Complexity smell: if proposed change touches 8+ files or introduces 2+ new classes/modules, flag explicitly — scope may need narrowing before proceeding

Complexity classification: classify as small (≤3 files, single concern), medium (4–7 files, or 1 new module), or large (8+ files, 2+ new modules, or public API change).

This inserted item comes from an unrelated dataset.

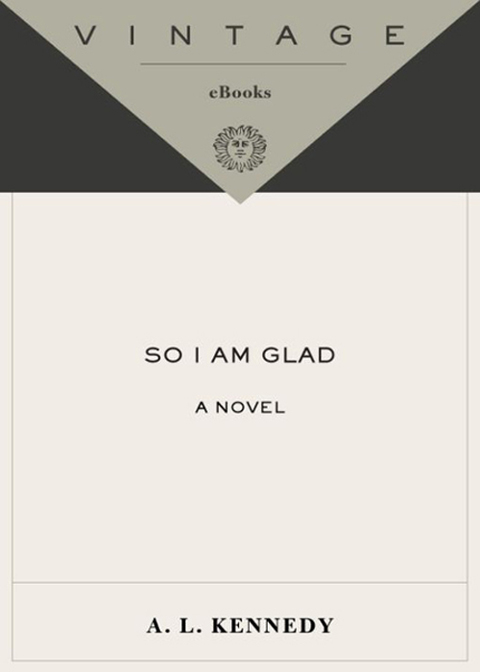 Cover image for book So I Am Glad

Read $_DEV_SHARED/plan-inline.md §Inline Plan Generation Protocol. Apply using feature context from Skill contexts table. On proceed: set PLAN_FILE=<path>; continue to Step 2. On small complexity or ACCEPT_NO_PLAN=true: skip and continue to Step 2.

Present analysis summary before proceeding.

Read $_DEV_SHARED/premise-grounding.md §Premise Grounding Gate. Apply using feature context from Skill contexts table.

Source Verification (optional — when using external APIs or version-sensitive libraries)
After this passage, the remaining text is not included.